INFORMATION GIVEN:
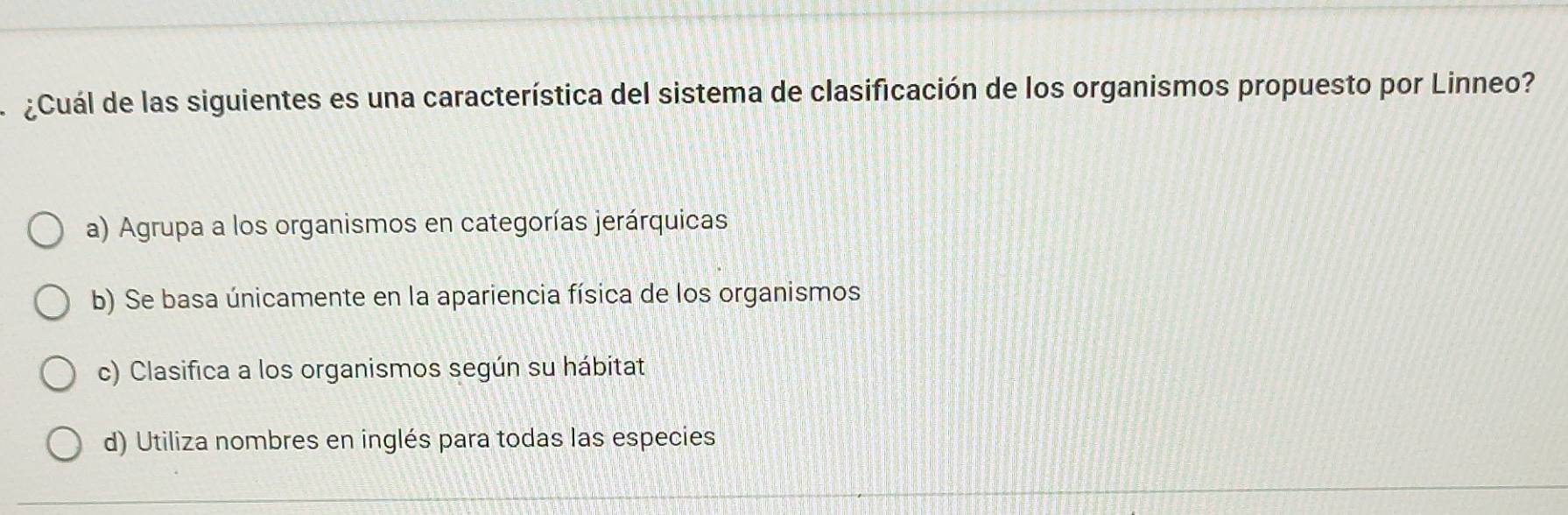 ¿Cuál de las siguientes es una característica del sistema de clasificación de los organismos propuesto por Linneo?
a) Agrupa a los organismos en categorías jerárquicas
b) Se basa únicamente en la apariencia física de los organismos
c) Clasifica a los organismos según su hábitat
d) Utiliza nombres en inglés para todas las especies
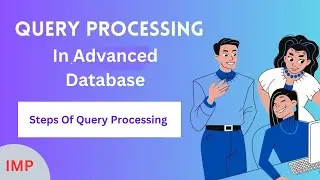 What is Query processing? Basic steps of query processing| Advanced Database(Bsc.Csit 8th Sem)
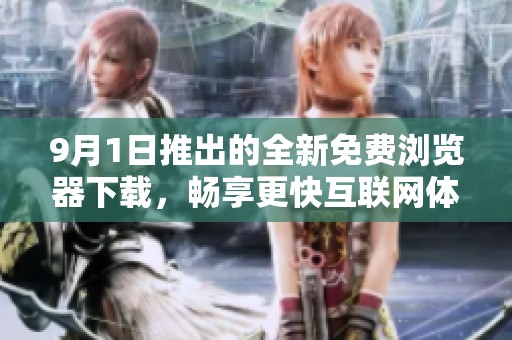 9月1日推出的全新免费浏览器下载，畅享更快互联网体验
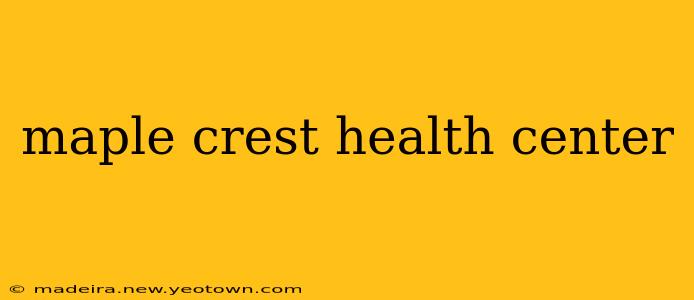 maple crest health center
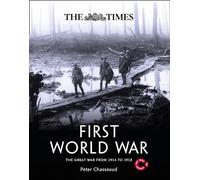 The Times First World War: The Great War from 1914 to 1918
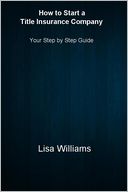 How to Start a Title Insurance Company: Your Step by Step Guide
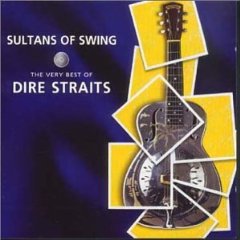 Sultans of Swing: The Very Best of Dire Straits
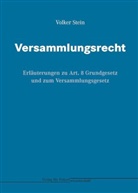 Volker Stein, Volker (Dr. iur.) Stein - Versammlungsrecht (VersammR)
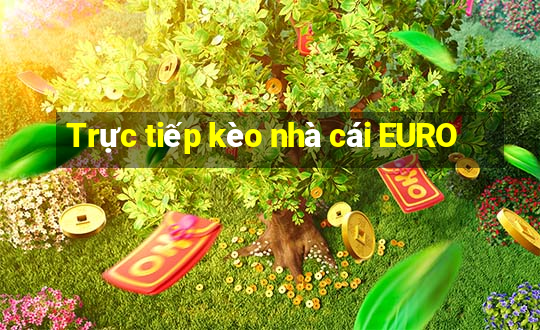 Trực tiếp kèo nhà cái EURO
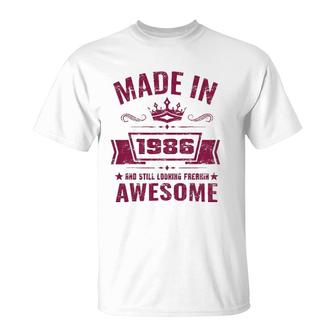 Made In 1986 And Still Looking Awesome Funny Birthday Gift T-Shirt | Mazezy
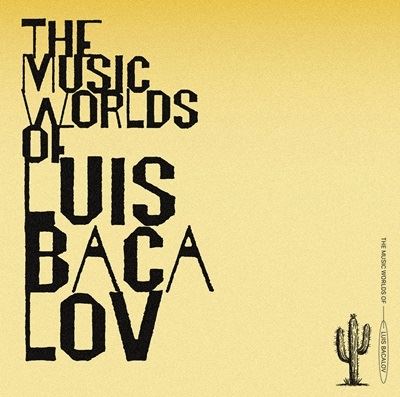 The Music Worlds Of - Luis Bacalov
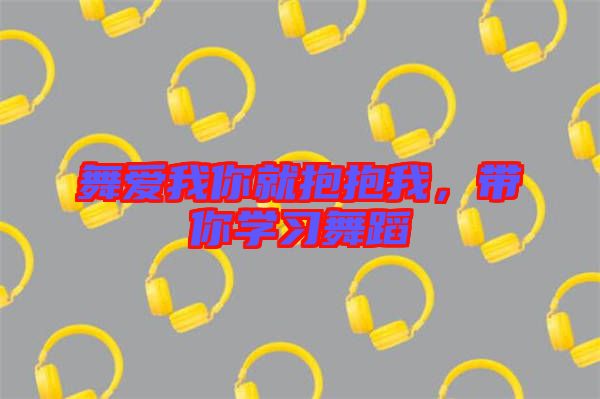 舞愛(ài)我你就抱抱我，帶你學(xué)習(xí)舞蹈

EXERCISE DETAILS:
Print exactly the lines above that run from the one with "a) Agrupa a" down to the one with "Trực tiếp kèo nhà cái EURO", and omit the pictures.

EXERCISE OUTPUT:
a) Agrupa a los organismos en categorías jerárquicas
b) Se basa únicamente en la apariencia física de los organismos
c) Clasifica a los organismos según su hábitat
d) Utiliza nombres en inglés para todas las especies
 What is Query processing? Basic steps of query processing| Advanced Database(Bsc.Csit 8th Sem)
 9月1日推出的全新免费浏览器下载，畅享更快互联网体验
 maple crest health center
 The Times First World War: The Great War from 1914 to 1918
 How to Start a Title Insurance Company: Your Step by Step Guide
 Sultans of Swing: The Very Best of Dire Straits
 Volker Stein, Volker (Dr. iur.) Stein - Versammlungsrecht (VersammR)
 Trực tiếp kèo nhà cái EURO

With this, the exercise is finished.